Hay una serie de cosas a las que he renunciado, por ejemplo, a los amigos. Ya no salgo con ellos para no ir a espacios cerrados como restaurantes, cines o teatros, por temor a contagiarme. Tampoco hablo con ellos porque me he convertido en una persona aburrida y monotemática que no habla más que de la enfermedad. No viajo con mi familia por miedo a que me dé una crisis fuera de mi casa. No trabajo porque me han jubilado por invalidez y me hace mucha falta mi pareja que, también murió por causa del corazón.

Aparte de todo lo dicho, esta enfermedad odiosa es muy difícil de entender y, por tanto, de explicar. Te estás ahogando y te dicen que te tranquilices, que todo son nervios.

Cuando te ingresan, estas en la cama sin hacer nada y con el oxígeno puesto y entonces crees que eres un vago.

Otros opinan que lo que tienes que hacer es espabilarte y no ser una carga para tus hijos, que tienes que animarte y no hacer caso. No hacer caso ¿a qué? ¿a ver cómo te ahogas?

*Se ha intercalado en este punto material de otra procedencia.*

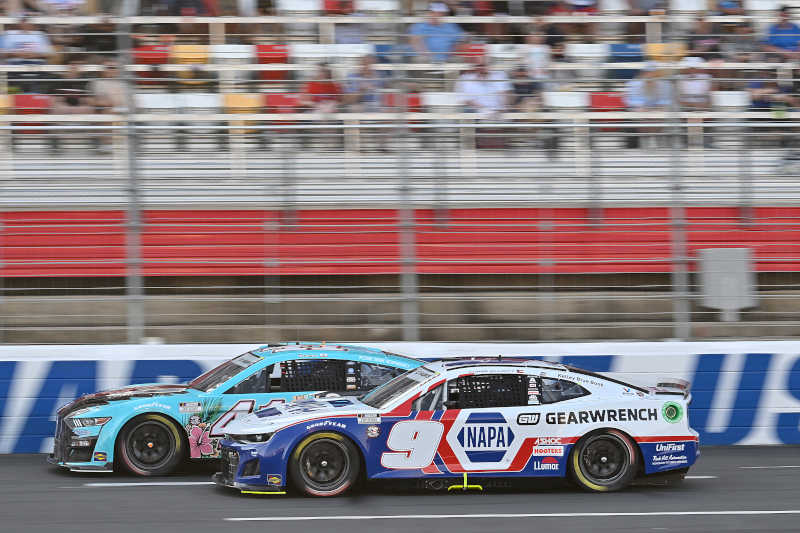 #41: Cole Custer, Stewart Haas Racing, Chicken Cock Whiskey Ford Mustang, #9: Chase Elliott, Hendrick Motorsports, NAPA Chevrolet Camaro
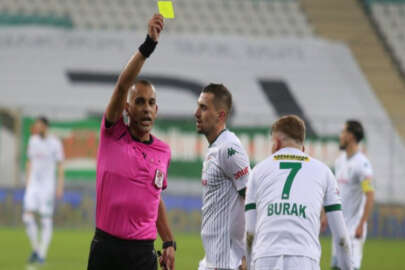 Bursaspor'un golcü ismi Burak Kapacak cezalı duruma düştü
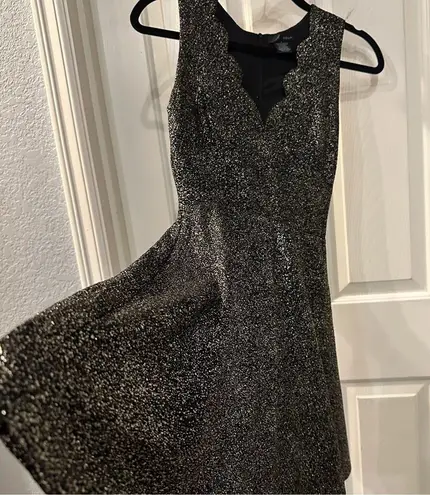AQUA Brand Bloomingdales Scalloped Neck Dress Gold Glitter Black Small NYE Party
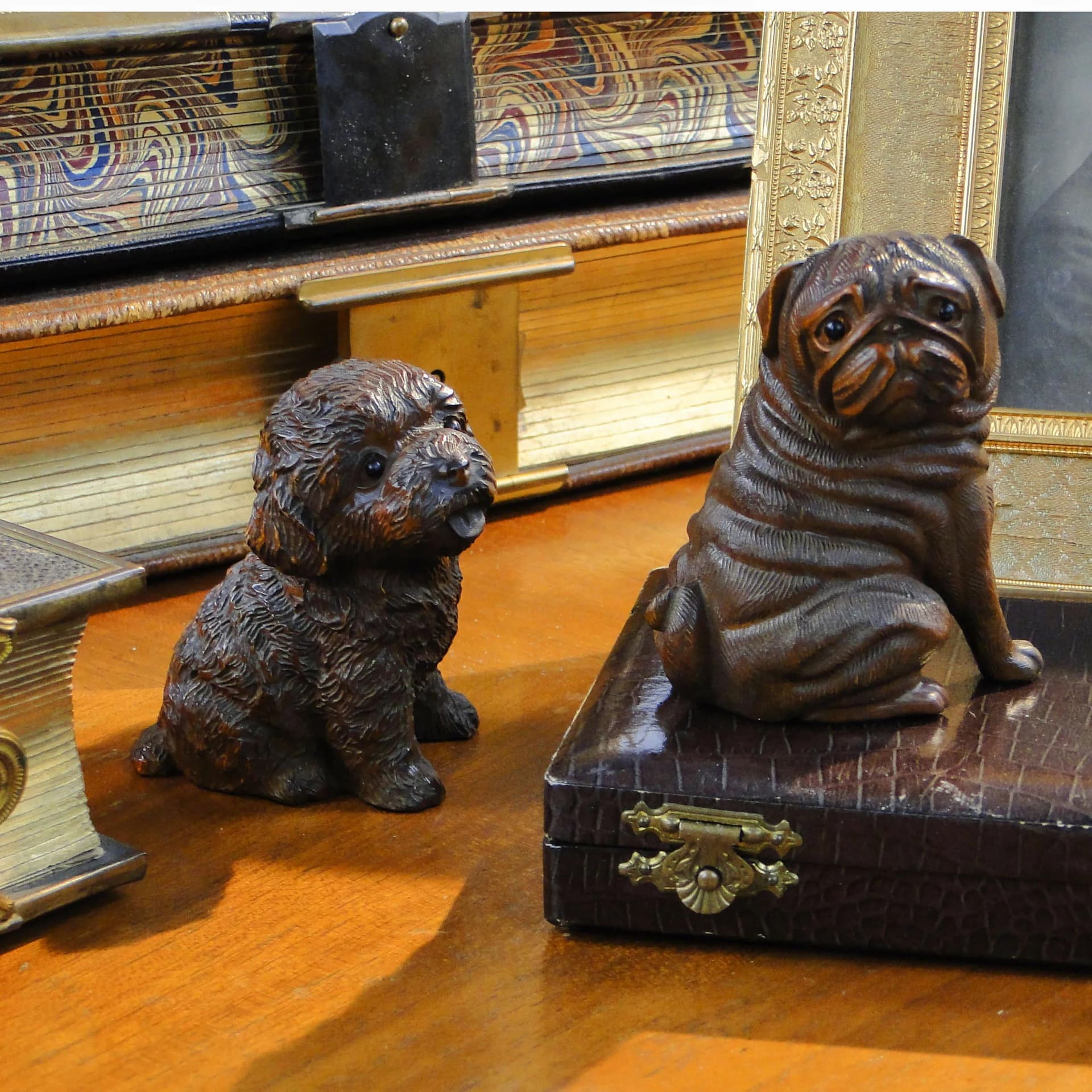 Rzeźba kameralna, brąz ciemny, bukszpan japoński, Japonia, początek XX w. - 31233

Es una forma de ningunear la enfermedad y eso es imposible porque, aparte de que vas teniendo años y el cuerpo se va debilitando, por la medicación que tienes que tomar, se van dañando otros órganos como el corazón y aparecen nuevas enfermedades como la diabetes.

– En definitiva, D. Ginés, quiero que me ayude a perder el miedo a la muerte. Quiero morir en paz y transmitírsela a mi gente.